La coexistence pacifique entre UFR et IUFM rénovés passe par un partage des territoires et par le respect des frontières. Quant aux concours du secondaire, ils seront réservés qu’on le veuille ou pas, et quel que soit le dispositif adopté par le gouvernement, aux candidats titulaires d’un master. L’évolution récente du profil des lauréats le prouve et rend d’emblée caducs tous les projets visant à intégrer la préparation des concours dans des masters existants ou à créer. Les projets de décret tels qu’ils ont été rédigés par Xavier Darcos avant son départ assument cette réalité sans le dire vraiment.

Car l’une des avancées dues à la lutte des derniers mois – dont les universitaires ne semblent pas avoir encore mesuré la portée – consiste à garantir aux lauréats le bénéfice du concours pendant un an. Ce texte prévoit donc la possibilité de consacrer une année entière à la préparation du concours (qu’elle s’appelle M2 est simple convention verbale) et l’année suivante à l’obtention du master – le terme « master d’enseignement » n’apparaissant jamais dans le décret.

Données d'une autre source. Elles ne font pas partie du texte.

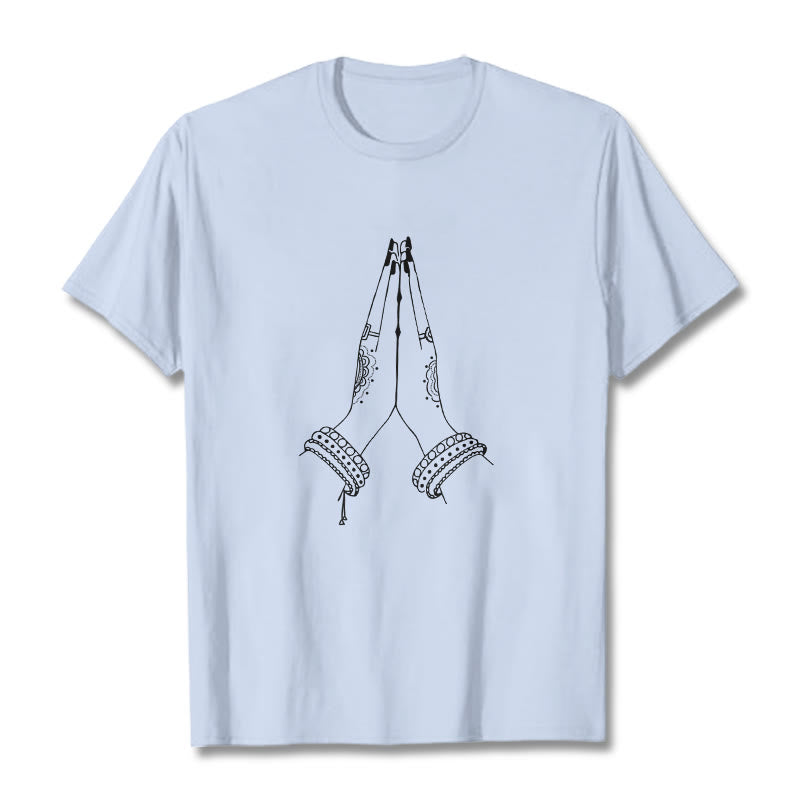 Soft Cotton Crewneck Gratitude Gesture Meditation Tee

Il suffira donc aux universitaires de proposer à leurs étudiants de prendre les choses à l’envers : d’abord un master disciplinaire complet, puis une préparation spécifique au concours. Cela est évidemment beaucoup plus rationnel que de couper en deux le cursus de master par un concours que beaucoup devront passer deux ou trois fois de suite avant de l’obtenir (ou pas). Il revient maintenant aux UFR et aux associations de spécialistes de travailler ensemble à la construction de masters disciplinaires avec des parcours respectivement adaptés au CAPES et à l’agrégation, comportant une initiation à la recherche et constituant en outre des diplômes à part entière ayant des débouchés par eux-mêmes. Là aussi nous avons du pain sur la planche. Mais il est une condition préalable à tout cela : ne pas céder à la peur de la concurrence et affirmer une solidarité sans failles dans la non-remontée des maquettes des « masters d’enseignement ».